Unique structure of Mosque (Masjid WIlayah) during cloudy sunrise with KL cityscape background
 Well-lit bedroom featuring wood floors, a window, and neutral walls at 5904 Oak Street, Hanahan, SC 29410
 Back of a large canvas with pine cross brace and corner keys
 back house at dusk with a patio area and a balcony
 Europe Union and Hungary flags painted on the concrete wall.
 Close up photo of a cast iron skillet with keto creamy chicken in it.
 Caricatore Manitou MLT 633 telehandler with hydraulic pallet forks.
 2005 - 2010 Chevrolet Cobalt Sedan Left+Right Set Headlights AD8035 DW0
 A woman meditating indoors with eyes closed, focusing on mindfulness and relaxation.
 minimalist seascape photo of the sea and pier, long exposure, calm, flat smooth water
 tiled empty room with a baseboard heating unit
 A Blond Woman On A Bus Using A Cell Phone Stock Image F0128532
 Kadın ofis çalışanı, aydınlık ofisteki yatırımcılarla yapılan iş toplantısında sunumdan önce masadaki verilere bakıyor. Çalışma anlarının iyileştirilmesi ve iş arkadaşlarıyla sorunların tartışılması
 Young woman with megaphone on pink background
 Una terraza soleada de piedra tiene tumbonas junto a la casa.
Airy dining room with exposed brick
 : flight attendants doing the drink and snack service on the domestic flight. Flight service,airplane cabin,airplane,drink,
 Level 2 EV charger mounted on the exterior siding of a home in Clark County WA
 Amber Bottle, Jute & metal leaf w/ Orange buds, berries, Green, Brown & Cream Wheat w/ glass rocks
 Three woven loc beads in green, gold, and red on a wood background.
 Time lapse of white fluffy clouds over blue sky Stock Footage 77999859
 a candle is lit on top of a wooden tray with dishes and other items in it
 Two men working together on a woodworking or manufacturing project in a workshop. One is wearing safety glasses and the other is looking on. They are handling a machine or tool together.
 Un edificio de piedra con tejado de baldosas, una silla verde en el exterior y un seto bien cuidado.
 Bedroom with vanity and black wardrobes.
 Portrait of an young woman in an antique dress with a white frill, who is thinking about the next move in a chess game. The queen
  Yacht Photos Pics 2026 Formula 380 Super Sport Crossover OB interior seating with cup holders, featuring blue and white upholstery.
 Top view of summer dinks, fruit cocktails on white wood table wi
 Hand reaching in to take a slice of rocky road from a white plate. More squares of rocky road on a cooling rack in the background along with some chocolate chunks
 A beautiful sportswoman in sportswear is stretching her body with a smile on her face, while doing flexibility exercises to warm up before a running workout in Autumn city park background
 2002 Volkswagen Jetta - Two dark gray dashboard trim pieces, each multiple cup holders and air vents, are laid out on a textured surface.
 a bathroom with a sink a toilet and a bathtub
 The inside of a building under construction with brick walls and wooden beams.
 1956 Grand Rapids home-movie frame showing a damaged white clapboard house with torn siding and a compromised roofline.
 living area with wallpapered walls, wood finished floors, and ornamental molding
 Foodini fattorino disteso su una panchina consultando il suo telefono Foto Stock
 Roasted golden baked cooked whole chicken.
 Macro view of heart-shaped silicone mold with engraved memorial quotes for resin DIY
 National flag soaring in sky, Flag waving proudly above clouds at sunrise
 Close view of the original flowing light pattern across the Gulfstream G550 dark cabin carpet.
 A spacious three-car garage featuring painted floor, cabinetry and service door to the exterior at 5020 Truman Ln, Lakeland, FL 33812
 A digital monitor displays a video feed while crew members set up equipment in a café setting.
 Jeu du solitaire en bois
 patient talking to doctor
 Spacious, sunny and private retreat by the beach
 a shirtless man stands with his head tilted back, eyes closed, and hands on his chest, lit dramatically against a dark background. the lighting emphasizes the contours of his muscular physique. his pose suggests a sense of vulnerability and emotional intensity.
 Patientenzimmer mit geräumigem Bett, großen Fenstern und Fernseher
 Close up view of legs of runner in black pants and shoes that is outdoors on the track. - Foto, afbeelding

What to produce: Transcribe each line of the data above, unaltered, from the one where "A woman meditating" appears to the one where "A Blond Woman" appears, inclusive of both.

Result for this task:
 A woman meditating indoors with eyes closed, focusing on mindfulness and relaxation.
 minimalist seascape photo of the sea and pier, long exposure, calm, flat smooth water
 tiled empty room with a baseboard heating unit
 A Blond Woman On A Bus Using A Cell Phone Stock Image F0128532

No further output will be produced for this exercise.